- _Exercise brief_
Retype every line from the start of the entries below down to the line with "Zwei Personen sitzen", both ends included; skip the pictures.

- _Data for this exercise_

=== Begin Enclosure ===

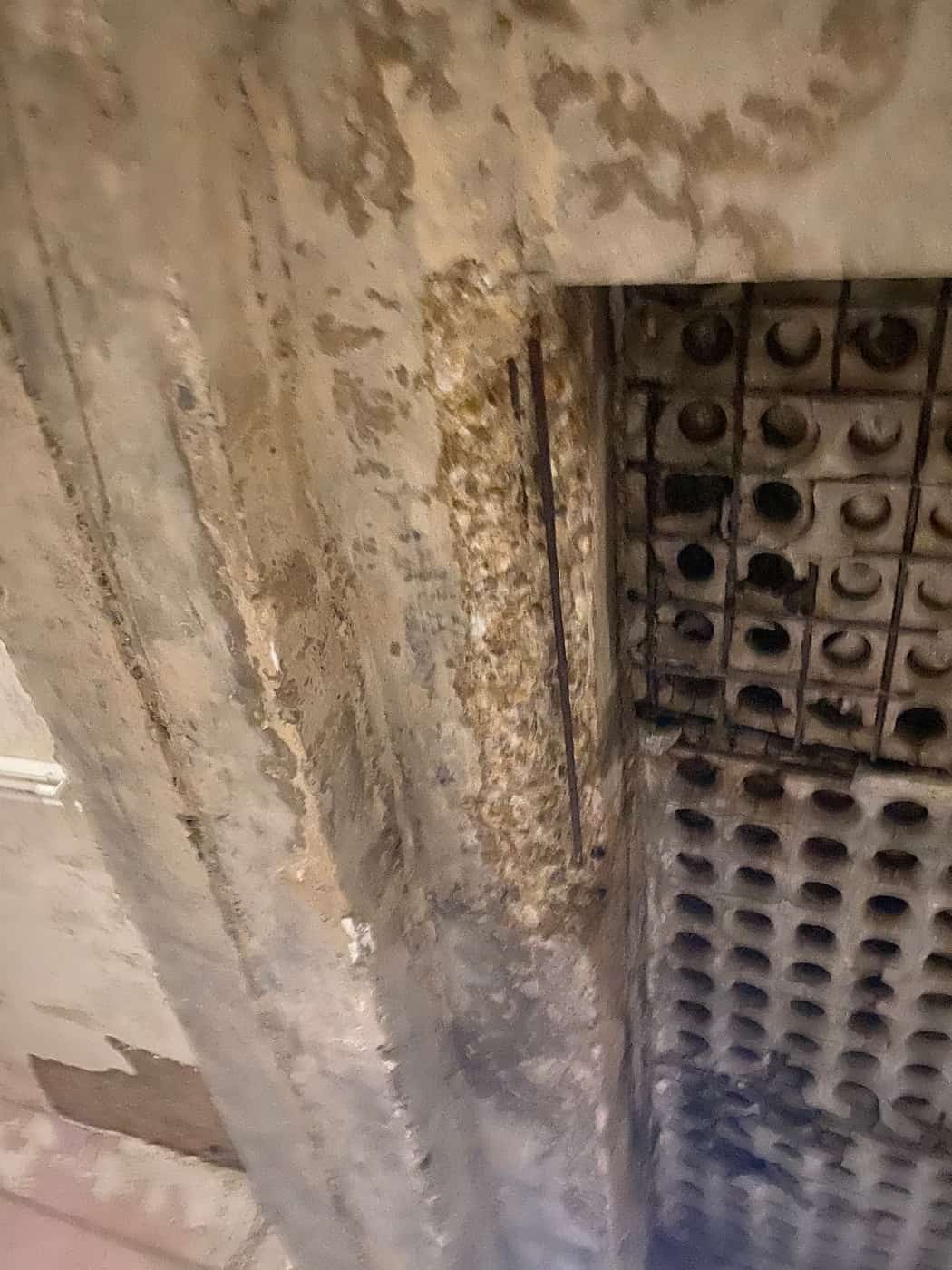 Spalled slab soffit exposing round void cells at a beam.
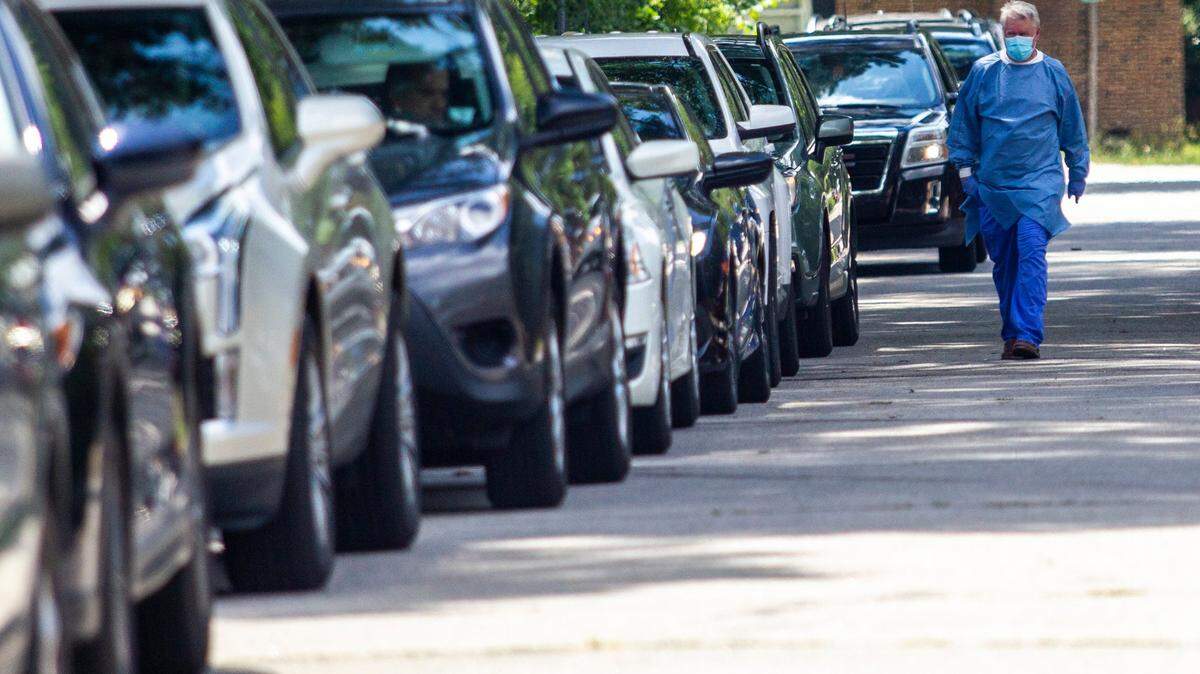 Torrey Hubred walks a line of cars waiting for coronavirus tests at a pop up testing site at Avery Street Recreation Center in Garner in July 2020.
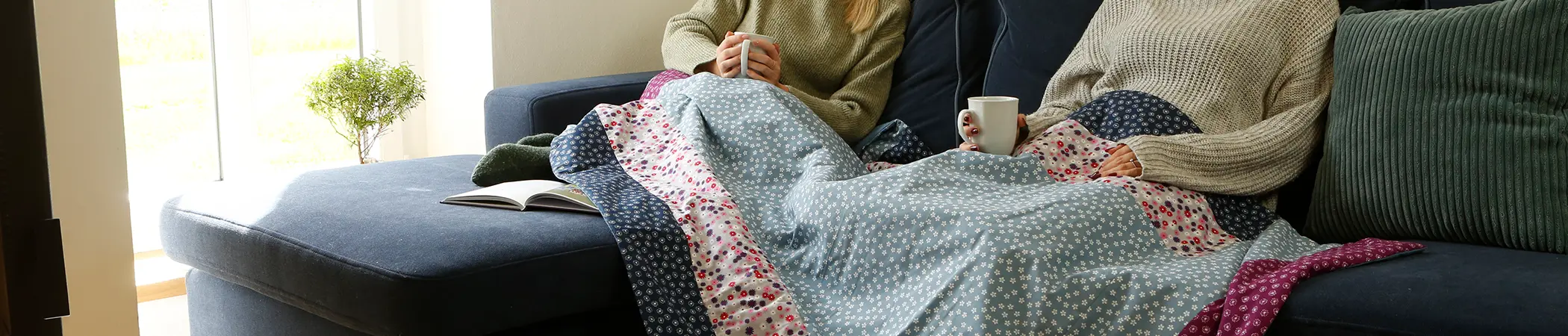 Zwei Personen sitzen in beigen Pullovern auf einem blauen Sofa, zugedeckt mit einer gemusterten Decke, halten je eine Tasse. Neben ihnen liegt ein aufgeschlagenes Buch. Im Hintergrund steht eine Topfpflanze.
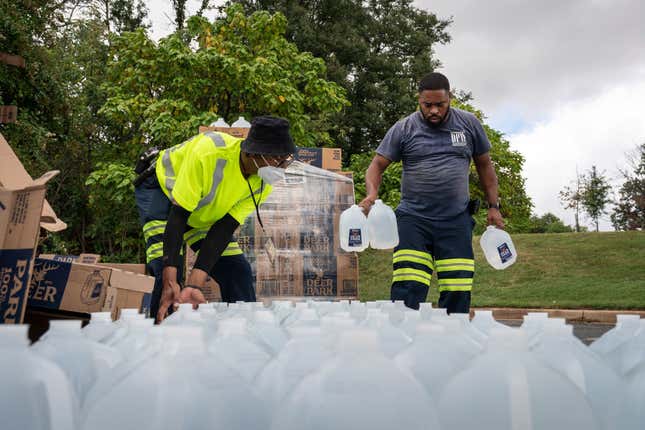 The Baltimore City Department of Public Works workers distributed jugs of water to city residents at the Landsdowne Branch of the Baltimore County Library on September 6, 2022, in Baltimore, Maryland. The City of Baltimore has issued a boil water advisory to over 1500 residential and commercial facilities in West Baltimore after E. coli bacteria were found in drinking water.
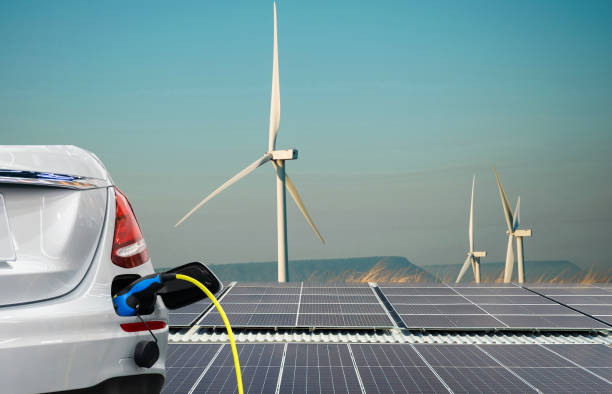istock electric car and clean energy from solar cells 2156606395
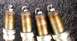 2010 Hyundai Genesis - Close-up of four spark plugs, showing wear and deposits on the electrodes.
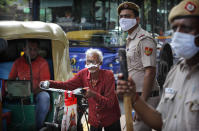 Indian policemen wearing masks stand at a traffic intersection as an elderly man pushes his cycle through a traffic jam in New Delhi, India, Monday, Sept. 21, 2020. The nation of 1.3 billion people is expected to become the coronavirus pandemic's worst-hit country within weeks, surpassing the United States. (AP Photo/Manish Swarup)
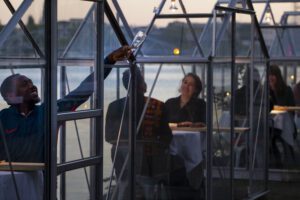 A volunteers asks for a refill as staff at the Mediamatic restaurant serves food to volunteers seated in small glasshouses during a try-out of a setup which respects social distancing abiding by government directives to combat the spread of the COVID-19 coronavirus in Amsterdam, Netherlands, Tuesday, May 5, 2020. (AP Photo/Peter Dejong)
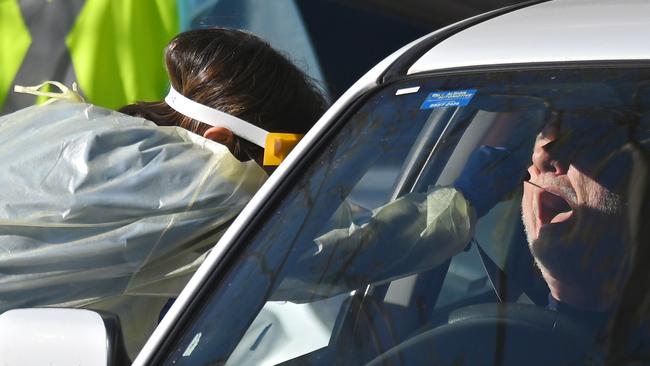 SYDNEY, AUSTRALIA - NewsWire Photos SEPTEMBER 1, 2020: Members of the public are tested for Coronavirus (COVID-19) by health workers at a drive-through testing clinic in Rozelle. Picture: NCA NewsWire / Steven Saphore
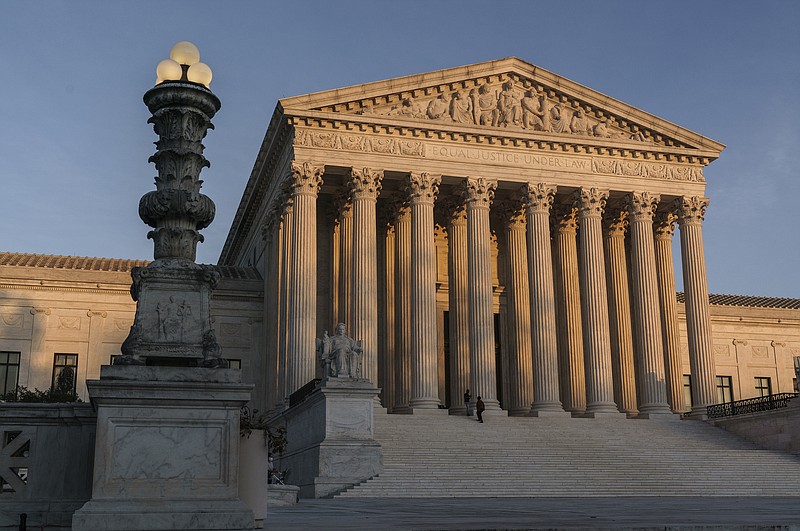 FILE - In this Nov. 6, 2020, file photo, the Supreme Court is seen at sundown in Washington. The Supreme Court is telling California that it can’t enforce coronavirus-related restrictions that have limited home-based religious worship including Bible studies and prayer meetings.The order from the court late Friday, April 9, 2021, is the latest in a recent string of cases in which the high court has barred officials from enforcing some coronavirus-related restrictions applying to religious gatherings. (AP Photo/J. Scott Applewhite, File)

=== End Enclosure ===

- _Result below_
 Spalled slab soffit exposing round void cells at a beam.
 Torrey Hubred walks a line of cars waiting for coronavirus tests at a pop up testing site at Avery Street Recreation Center in Garner in July 2020.
 Zwei Personen sitzen in beigen Pullovern auf einem blauen Sofa, zugedeckt mit einer gemusterten Decke, halten je eine Tasse. Neben ihnen liegt ein aufgeschlagenes Buch. Im Hintergrund steht eine Topfpflanze.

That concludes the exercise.